Sophronius II was the Greek Orthodox patriarch of Jerusalem from sometime after 1036 until at least 1076. He was dead by 1083.

Sophronius is known from only two written sources. He is included in a list of patriarchs provided by William of Malmesbury in his Deeds of the Kings of the English. He dates the conquest of Jeruaslem by the Turks and their massacre of the Saracens to his episcopate. This information was probably transmitted to England by crusaders in the early 12th century. In the early 13th century, Alberic of Trois-Fontaines, relying on William of Malmesbury and a misreading of William of Tyre's History of Deeds Done Beyond the Sea, dated the conquest to 1059. The chronicler Ibn al-Athir puts the original Turkoman conquest under Atsiz ibn Uwaq in the year 1070–1071, but as Jerusalem was briefly regained by the Fatimids it had to be reconquered by Atsiz in 1076. It was on the second occasion that he massacred the Fatimid garrison.

The second written source is the surviving diptychs of the patriarchate, which were maintained as late as the 13th century.
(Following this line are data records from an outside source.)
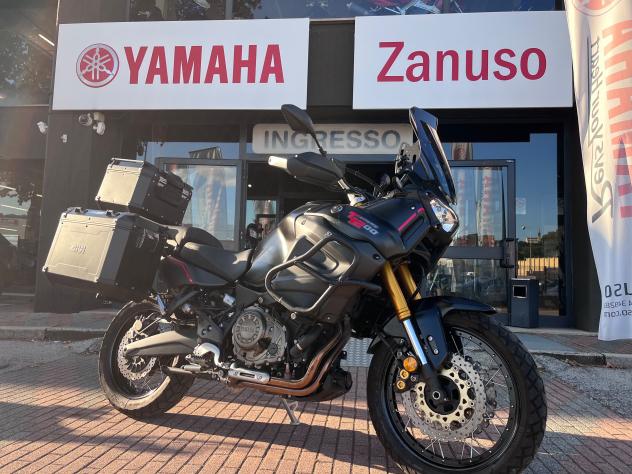 Yamaha XT 1200 ZE Super Ténéré null - Foto 4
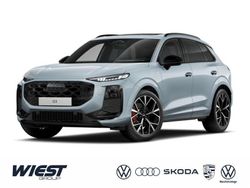Pfeilgrau perleffekt Neu 2025 Audi Q3 Sport SUV | 78.665 €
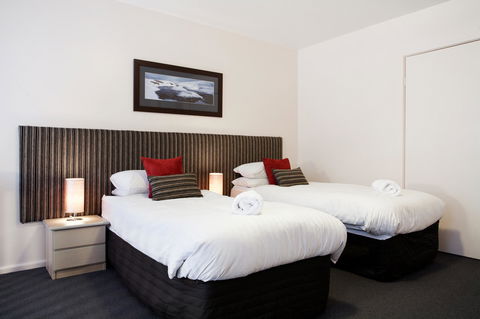 Lantern 1 Bedroom Balcony With Panoramic View - Accommodation Brunswick Heads 16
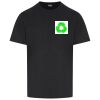 PRO RTX Pro Unisex Embroidered T-Shirt Thumbnail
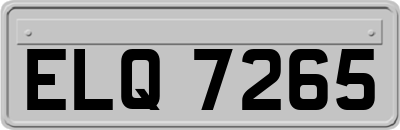 ELQ7265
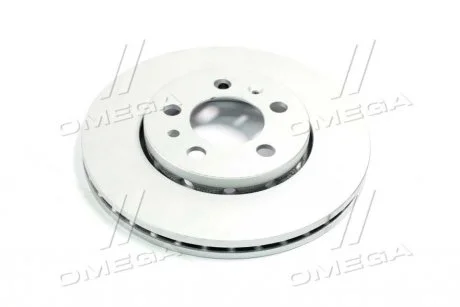 Диск тормозной передн. AUDI A1, A2, A3; SEAT CORDOBA A.B.S. 16880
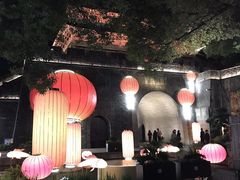 -鼓楼(西湖风景名胜区)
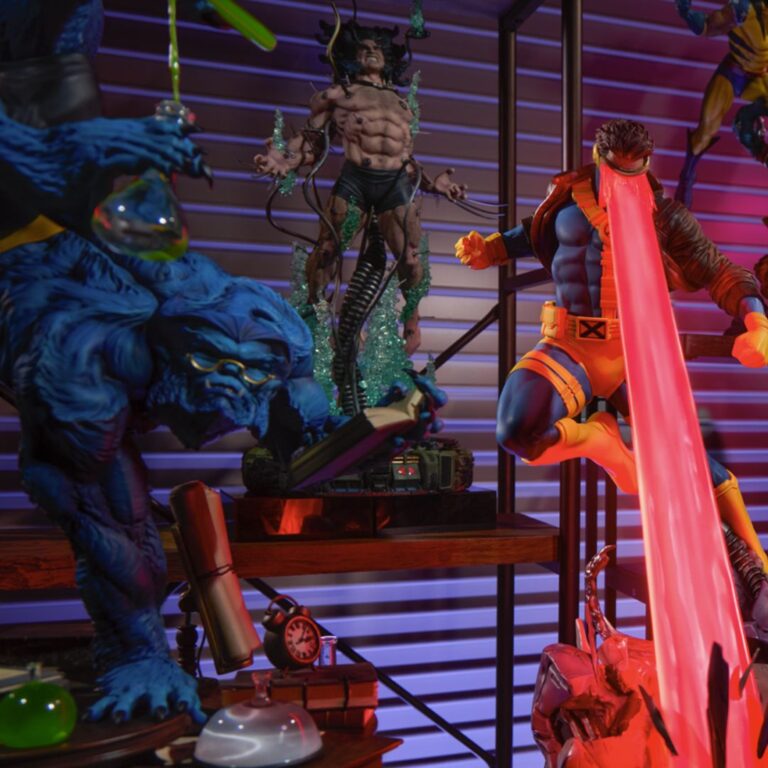 Sideshow Down Sideshow Personalizes Every Collector’s Journey With Bloomreach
Whereas William has Sophronius succeeding Nicephorus I, in the diptychs there is an intervening bishop, Joannicius, not known from any other source. Both sources agree that he was succeeded by Euthymius I. Nicephorus was patriarch in 1036, when reconstruction of the Church of the Holy Sepulchre (destroyed in 1009) was completed. Euthymius was patriarch by 1083.

In the 20th century, English archaeologists discovered a lead seal of Sophronius in Winchester. On one side of the seal is depicted the Harrowing of Hell and on the other side is Sophronius' name and title: "Sophronius by the mercy of God Patriarch of Jerusalem". A second seal has also been found. The second seal is in very poor condition and may be a contemporary forgery. According to Donald Nicol, it may be that Sophronius' seal was brought to Winchester by a returning English pilgrim. Philip Grierson considers this unlikely, arguing that it probably came to England attached to an original letter from Sophronius, perhaps confirming a penitential pilgrimage, authenticating a relic or seeking prayers for the church in Jerusalem.

Two further written sources mention Sophronius, but their authenticity is suspect. A 15th-century forgery, the Pseudo-Ingulfian Historia Croylandensis, claims that Abbot Ingulf of Crowland travelled to Jerusalem with the Great German Pilgrimage of 1064–1065, where the pilgrims were greeted upon their arrival by Sophronius with cymbals and a light show. Although Ingulf did go on a pilgrimage to Jerusalem, this account contains numerous anachronisms and mistakes. The name of the patriarch was probably cribbed from William of Malmesbury and no value can be placed in its connecting Sophronius (or Ingulf) with the Great German Pilgrimage. Although the Historia Croylandensis is apocryphal, it is plausible that Sophronius was patriarch in 1064–1065.

The other questionable source is a copy of a charter of donation made by a pilgrim from the Rouergue in 1053. According to the document, Odilus, son of Rudolph, donated a tenth of all his property to the Holy Sepulchre for the sake of his soul and that of his wife, Caecilia. Sophronius was the patriarch who received the donation.